‘Tis But Thy Name That Is My Enemy
GERONTOPHILIA – a film by Bruce LaBruce – (limited spoilers) ⁓
The opening scene, which could stand alone as a short film, has Désirée (Katie Boland) in an intense make-out session with Lake (Pierre Gabriel Lajoie). While they kiss, she recites the names of women she thinks of as revolutionaries, starting with Lizzie Borden and including the likes of Angela Davis and Bernadine Dorn. But after the usual names don’t work for her, Wynonna Ryder’s name pops out of her mouth and that gets her there. When Lake wonders how Ryder relates to the rest, Désirée tells him: “Shoplifting is always revolutionary.”

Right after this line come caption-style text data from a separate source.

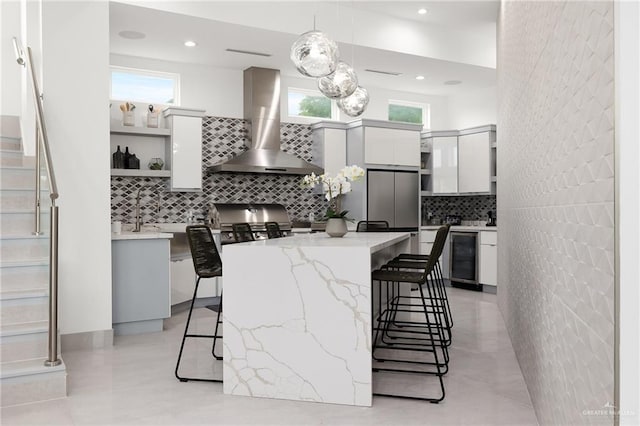 kitchen with white cabinetry, wall chimney exhaust hood, pendant lighting, a kitchen bar, and a kitchen island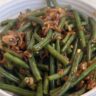 Green beans with crispy fried shallots on a plate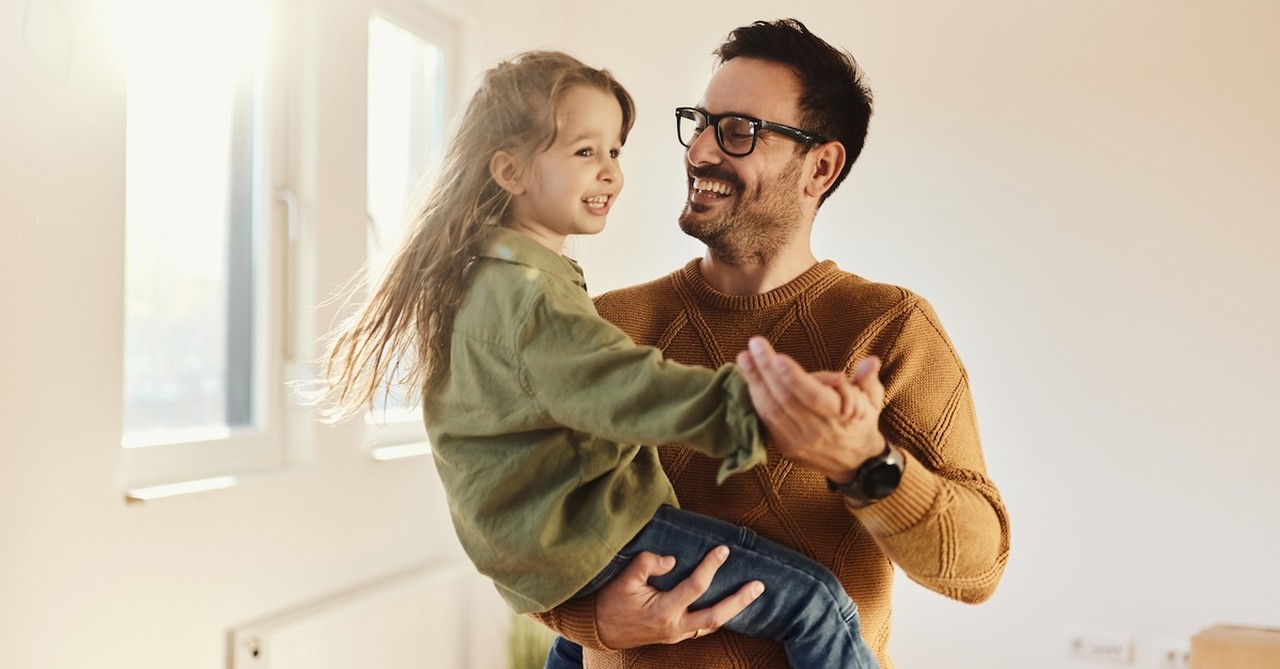 Father and daughter dancing happy child with dad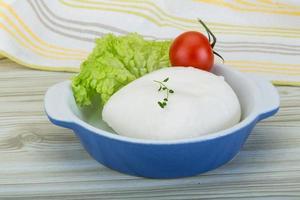 mozzarella i en skål på trä- bakgrund foto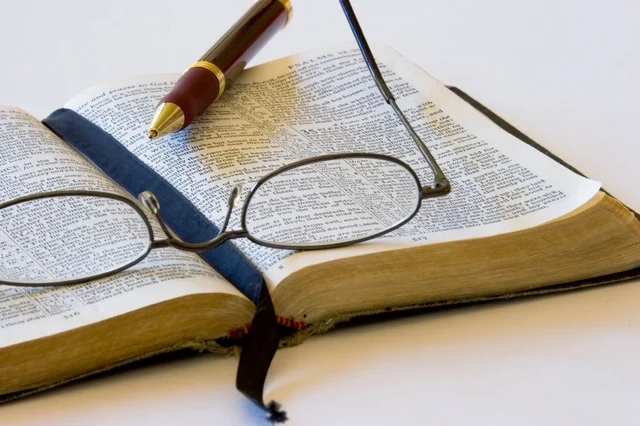 a bible pen and glasses.jpg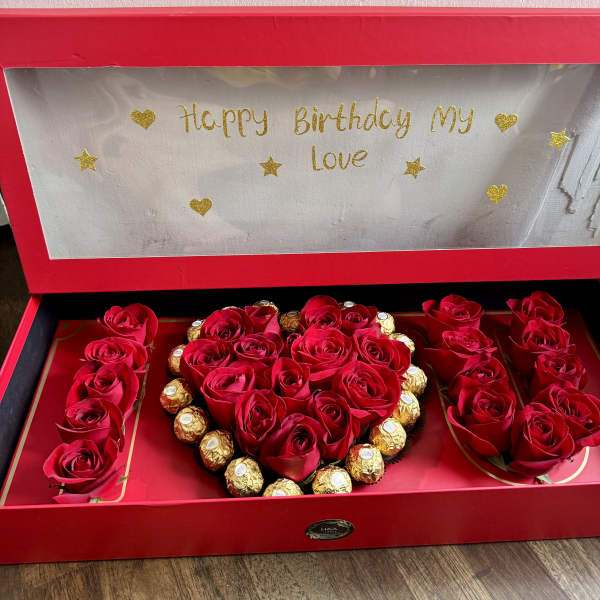 Red roses and chocolates arranged in a heart-shaped gift box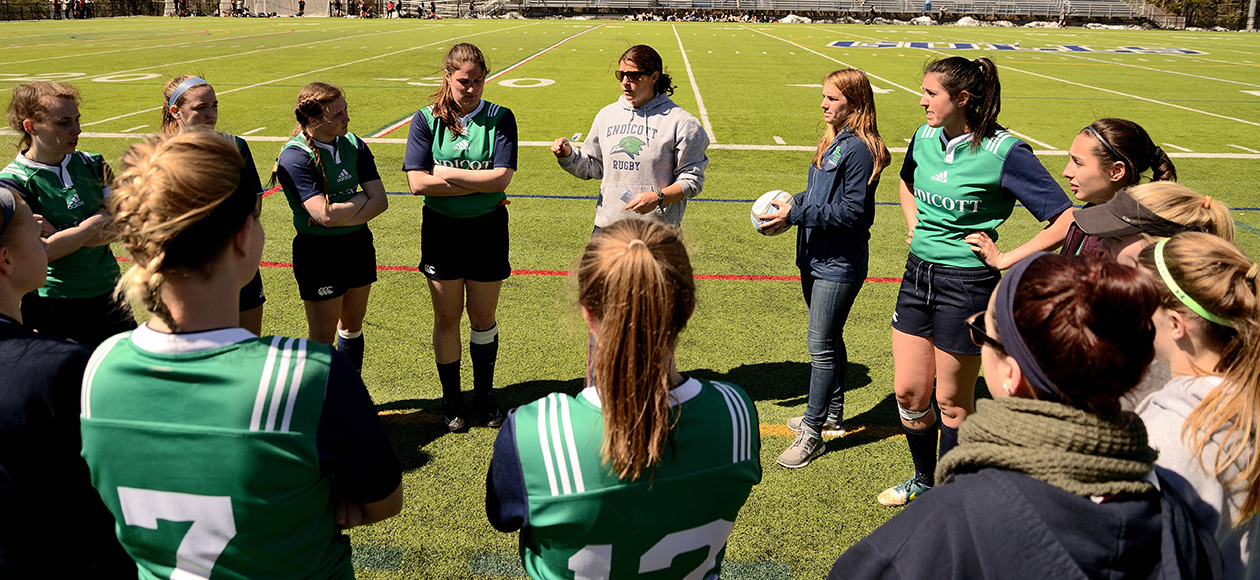 Women's club rugby huddles before a contest.
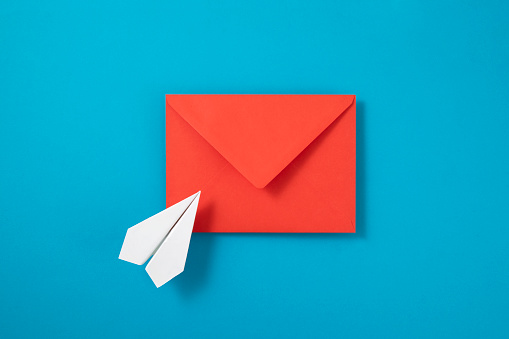 E-mail concept with paper plane and red envelope on blue background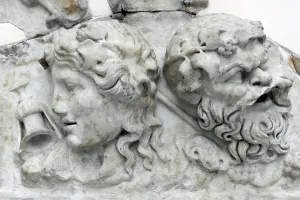 Bearded: Masks of Dionysos and Silenos. Roman relief. 2nd century AD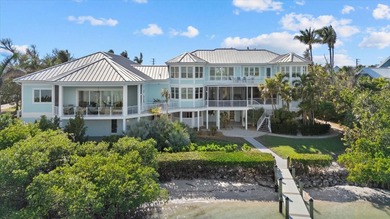 2 DEEP-WATER DOCKS AND A COVERED 10,000 LB LIFT. 5 BEDROOMS AND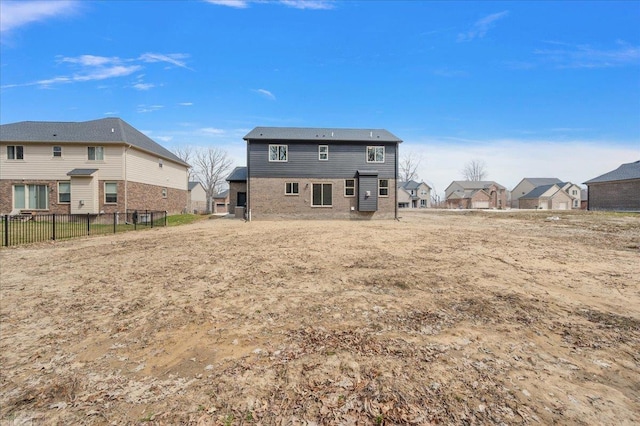 back of house featuring a residential view, brick siding, and fence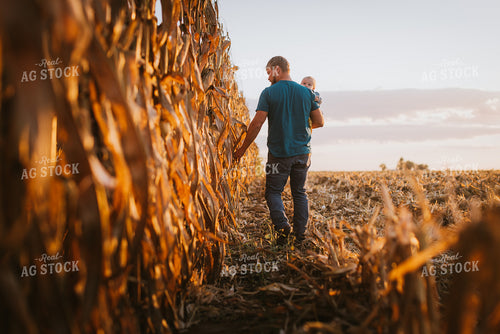 Farmer Checking Corn with Kid 9387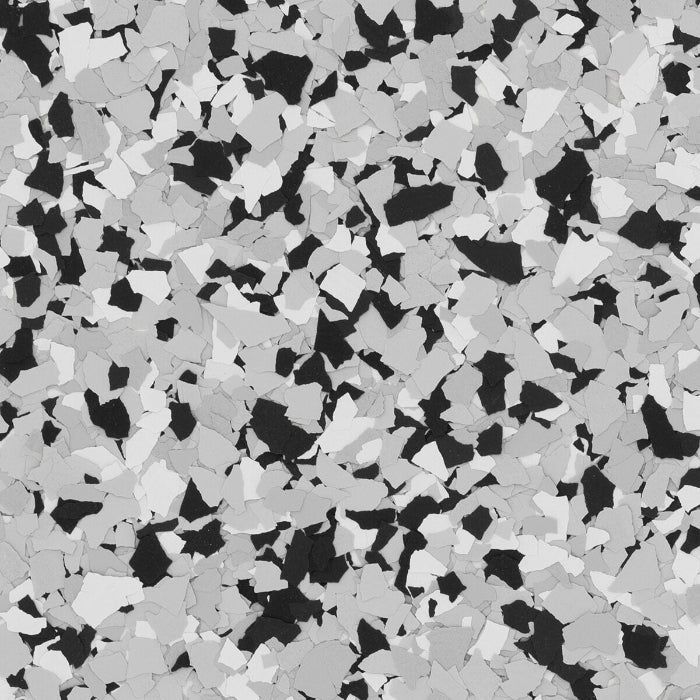 A monochromatic pattern of overlapping black, gray, and white irregular flakes, typical of a decorative floor coating.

One gets the impression that Désirée, whose name might be a reference to Désirée Clary, does not change her list frequently, so her improvisation might foreshadow an impending shift in her worldview.
After Marie (Marie-Hélène Thibault), gets her son Lake (Pier-Gabriel Lajoie) a job in the nursing home where she works, Lake begins a relationship with Melvyn Peabody (Walter Borden). Lake is attracted to older people, and the first time he gives Melvyn a sponge bath is probably the film’s best scene, and brings to mind Lynne Stopkewich‘s movie KISSED.
Marie confronts Lake about his sexual preferences, and shortly afterward falls down the stairs. (Lake playfully teases her by holding the car keys just out of her reach, dangerously close to the unprotected stairwell.) There is no railing and one wonders how that is possible in a building with rental units.
Did Lake intentionally cause Marie to fall down the stairs? Is Lake dangerous? The answer to that is never made clear. Marie could have been much more severely injured, but sustained only a compound fracture. She is conveniently hospitalized for a while, and unable to drive, so Lake is able to use her car to take Mr. Peabody on a road trip.
Re-enter Désirée, the insular revolutionary. She likes to pigeonhole people but often has problems finding the right label for them. She classifies her bookstore-owner boss as a ‘weirdo’, possibly because he is intensely attached to his books and does not loan them to other people. Désirée rejects the notion that books (and by implication the ideas contained in them) must be preserved in their original condition;, without modification. She labels Lake a ‘saint’ because he always seems to be taking care of other people at the expense of his own happiness. Once he reveals his motives to be less than altruistic, she becomes confused. But she does help Lake get Melvyn Peabody out of the nursing home.
As Lake and Melvyn prepare to leave Montreal, Désirée tells him: “I think that what you’re doing, and what you are, is really great. And the fact that you’re acting on it, you know, like it’s revolutionary. All these ideas that people have about aging and beauty and what makes somebody desirable, you’re going against that.” What she says next sounds less supportive. “You’re fighting against nature, and do you see how radical that is?” Désirée seems to have, at least temporarily, given Lake a new label and we don’t learn what that is, but one wonders how she would have reacted had Lake gotten involved with an 82 year old woman. Lake’s sketchbook contains drawings of elderly men and women, so that seems a possibility.
Melvyn and Lake have mostly a good time together, and they make it halfway across Ontario before Melvin dies. Only four people attend the funeral: Désirée, Lake, Mr. Peabody’s son (Hondo Fleming), and Maria. We are told that Maria makes out with Melvyn’s son in front of the casket, raising the possibility that Melvyn could posthumously become Lake’s step-grandfather. Désirée restores Lake to the status of ‘saint’ and actually gives him a ring with that word on it. Whatever he may be, Lake is more useful to her with that description attached.
Melvin never interacts with Marie or Désirée. It is as though the Lake/Melvyn relationship is a separate story that the film’s other primary characters may or may not hear the details of at a later date. In the film’s closing scene, Luke seems scary.
But according to director Bruce LaBruce, he is not. LaBruce told Psychiatry Online Italia: “In Gerontophilia, the old man is already in a kind of over-medicated zombie state in the nursing home, and the young boy tries to bring him back to life. It’s another kind of resurrection. The old man dies in the end from the excitement, but at least he dies happy!” and continues: “…homosexuals were often associated in cinema with a criminal element, largely because they were offered no other alternatives by society. To me, this was often a glamorous, romantic portrayal of misfits, radicals, and even sexual terrorists…For me, homosexuals are now the dead, or undead, or almost dead, the last front against the banality, the conformity, and the relentless ubiquity of heteronormative culture.”
In Austria, Switzerland, and Germany the film’s title was shortened to GERON. In Turkey the film is titled ASKIN YASI YOKTUR (Love Has No Age).